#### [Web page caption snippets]
# # # # #
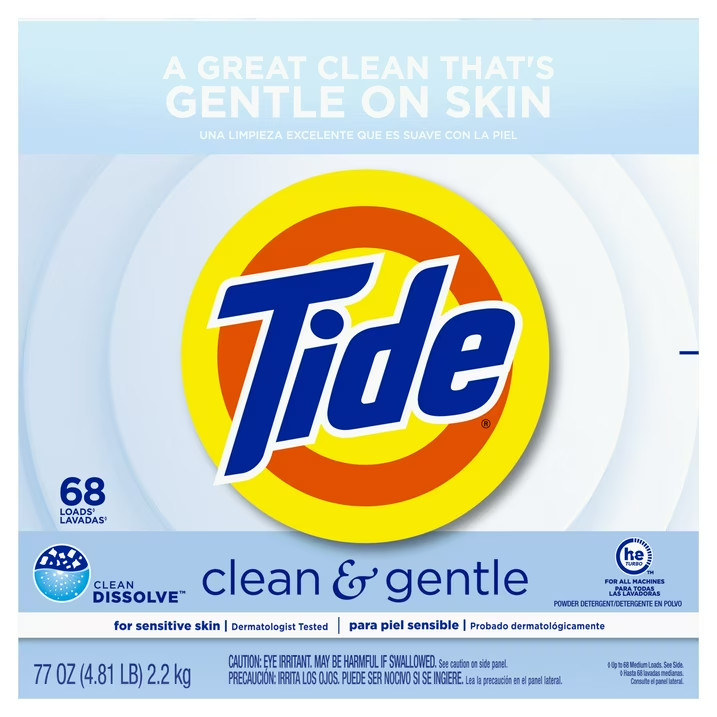 Tide Clean and Gentle Powder Laundry Detergent, Unscented, 77 oz, 68 Loads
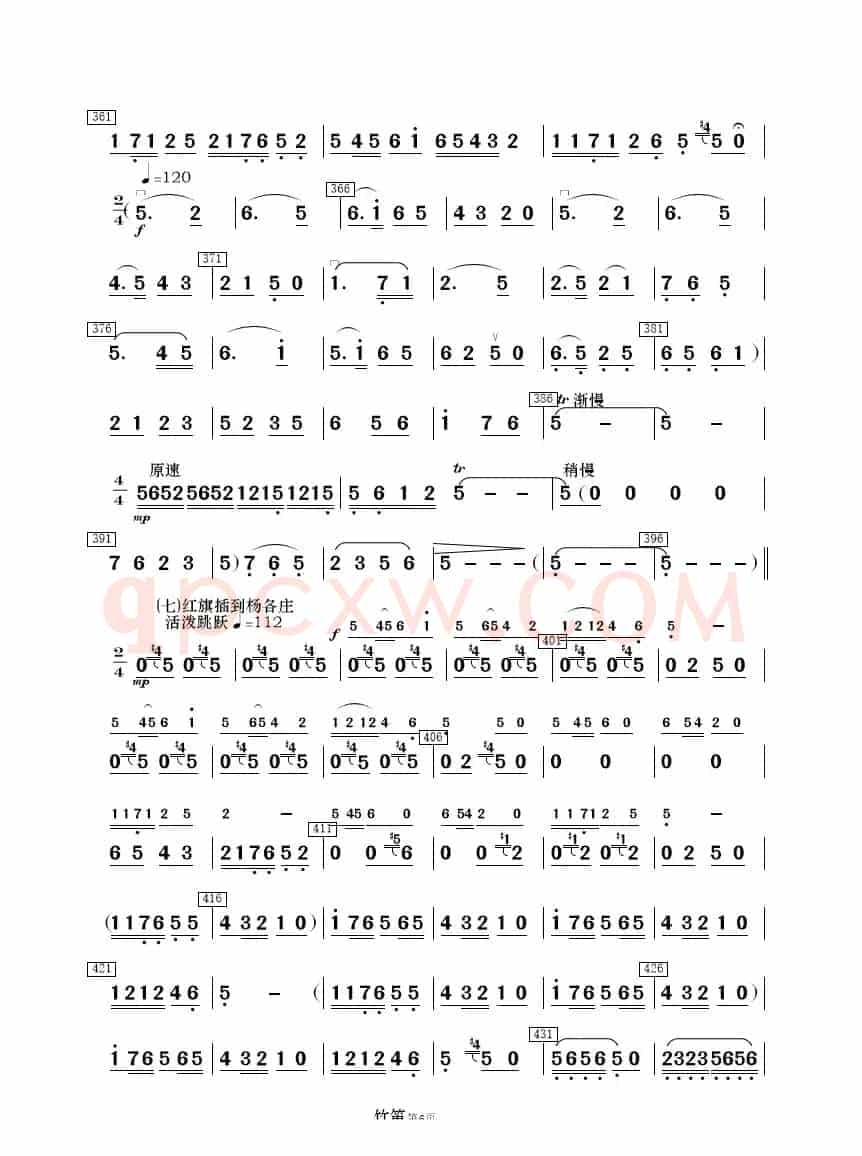 《白毛女》选曲（民乐合奏分谱）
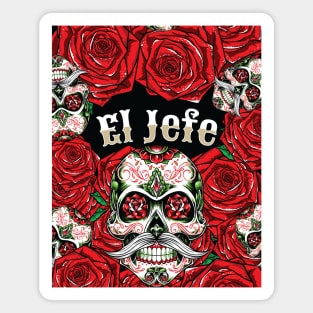 El Jefe Sugar Skull Red Roses Magnet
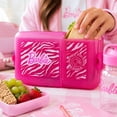 thumbnail image 1 of Contenedor de Alimentos Rectangular de Plástico, Lunch Box Escolar con 2 Divisiones, Diseño Barbie Animal Print Rosa, 1 of 7
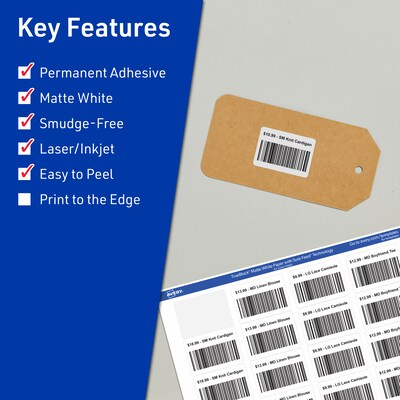 Avery TrueBlock Laser/Inkjet Rectangle Multipurpose Labels, 1.25 x 1.75, White, 1600/Box (94226)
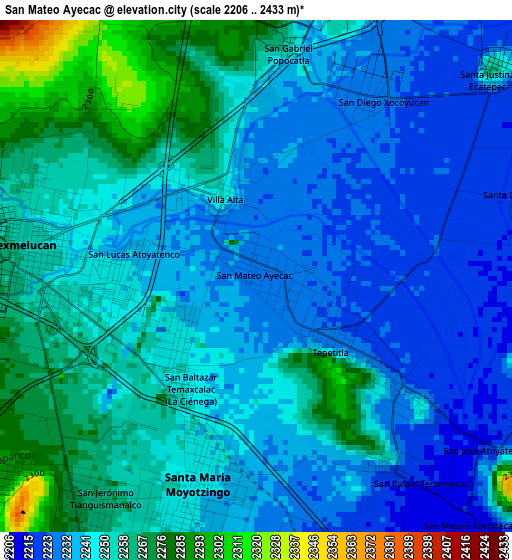 San Mateo Ayecac elevation map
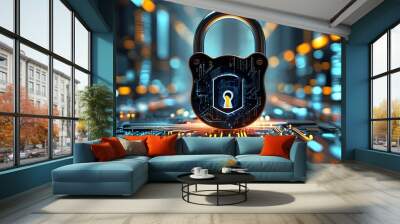 Futuristic digital security with locked padlock on circuit board symbolizing cybersecurity and data protection in advanced technology development at night Wall mural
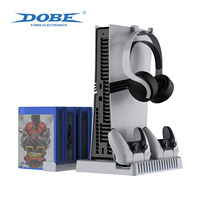 Support de refroidissement multifonctionnel DOBE pour PS5 avec station de charge RGB et double chargeur de manettes pour accessoires PS5/Slim/Pro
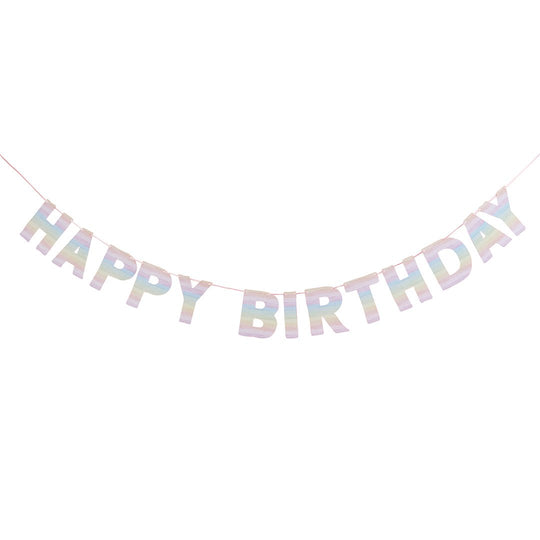 BUNTING - HAPPY BIRTHDAY - PASTEL RAINBOW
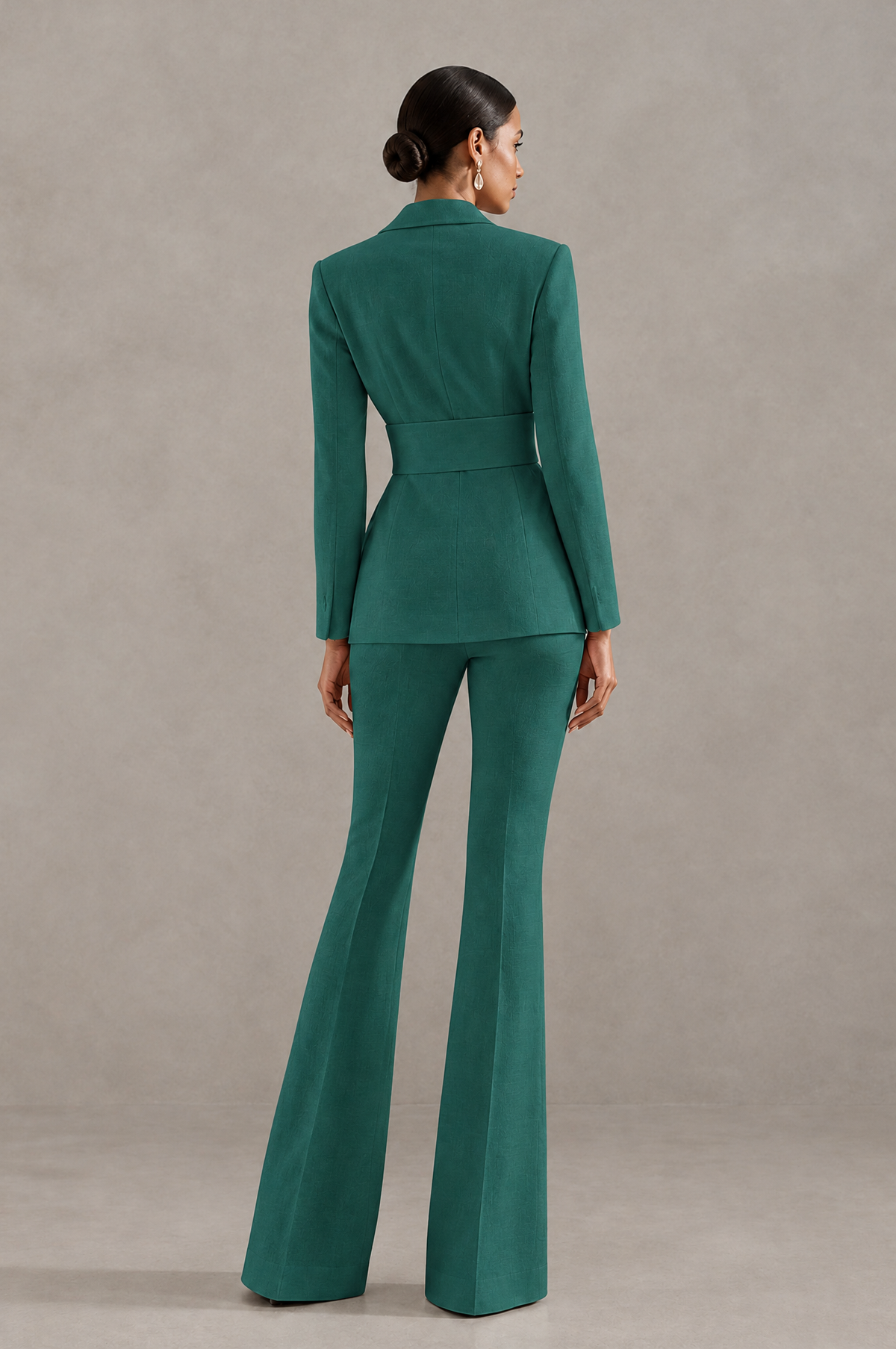 BOLODOO Teal Two-Piece Pantsuit with Tailored Blazer & Flared Pants - Teal - Teal (2)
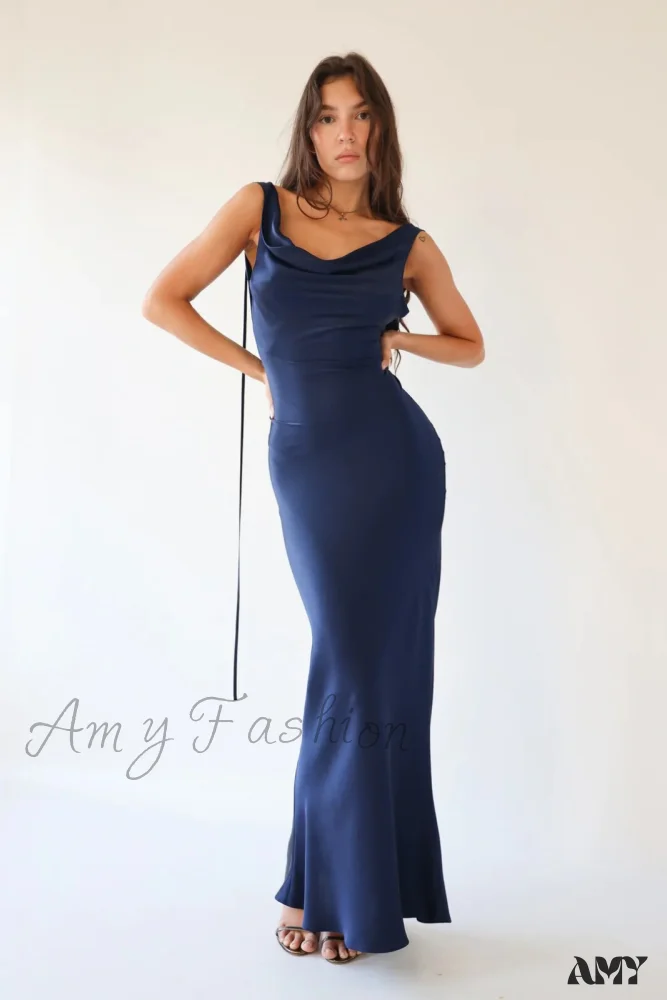 Amy Fashion - Sexy Spaghetti Strap Satin Lace Up Backless Long Dress - Image 2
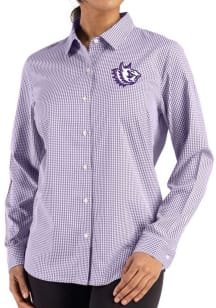 Cutter and Buck TCU Horned Frogs Womens Vault Epic Confidence Gingham Long Sleeve Purple Dress Shi..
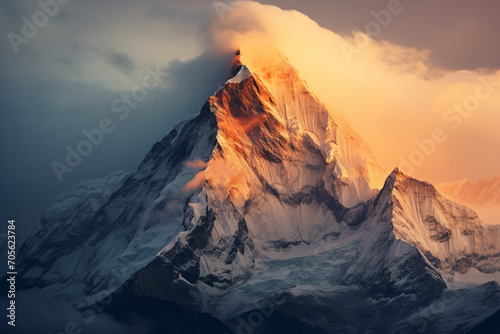 Landscape illustration of snow rock mountain peak. Created with Generative AI  © agrus_aiart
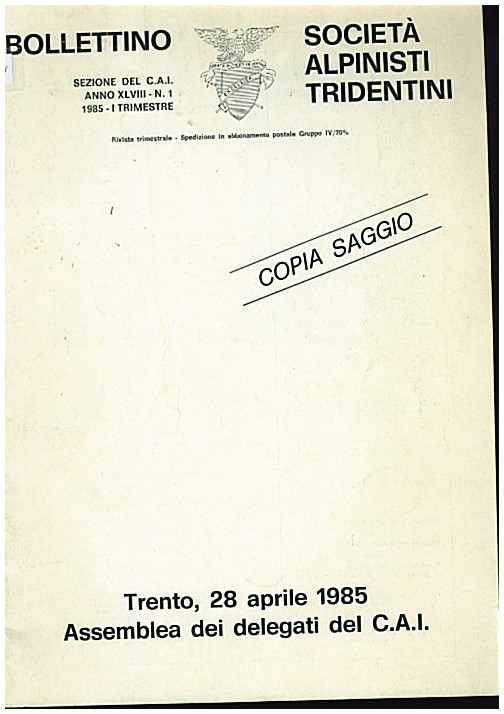 Copertina di Bollettino Società Alpinisti Tridentini n. 1 - 1985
# # # # #
#### [Try it]
Transcribe nothing but the lines from the one containing "El Jefe Sugar Skull Red Roses Magnet" through the final line of the records, exactly as written and without pictures.

#### [Solution to this exercise]
 El Jefe Sugar Skull Red Roses Magnet
 thumbnail image 1 of Contenedor de Alimentos Rectangular de Plástico, Lunch Box Escolar con 2 Divisiones, Diseño Barbie Animal Print Rosa, 1 of 7
 Avery TrueBlock Laser/Inkjet Rectangle Multipurpose Labels, 1.25 x 1.75, White, 1600/Box (94226)
 San Mateo Ayecac elevation map
 Futuristic digital security with locked padlock on circuit board symbolizing cybersecurity and data protection in advanced technology development at night Wall mural
 Support de refroidissement multifonctionnel DOBE pour PS5 avec station de charge RGB et double chargeur de manettes pour accessoires PS5/Slim/Pro
 BUNTING - HAPPY BIRTHDAY - PASTEL RAINBOW
 BOLODOO Teal Two-Piece Pantsuit with Tailored Blazer & Flared Pants - Teal - Teal (2)
 Amy Fashion - Sexy Spaghetti Strap Satin Lace Up Backless Long Dress - Image 2
 Cutter and Buck TCU Horned Frogs Womens Vault Epic Confidence Gingham Long Sleeve Purple Dress Shi..
 Landscape illustration of snow rock mountain peak. Created with Generative AI  © agrus_aiart
 Copertina di Bollettino Società Alpinisti Tridentini n. 1 - 1985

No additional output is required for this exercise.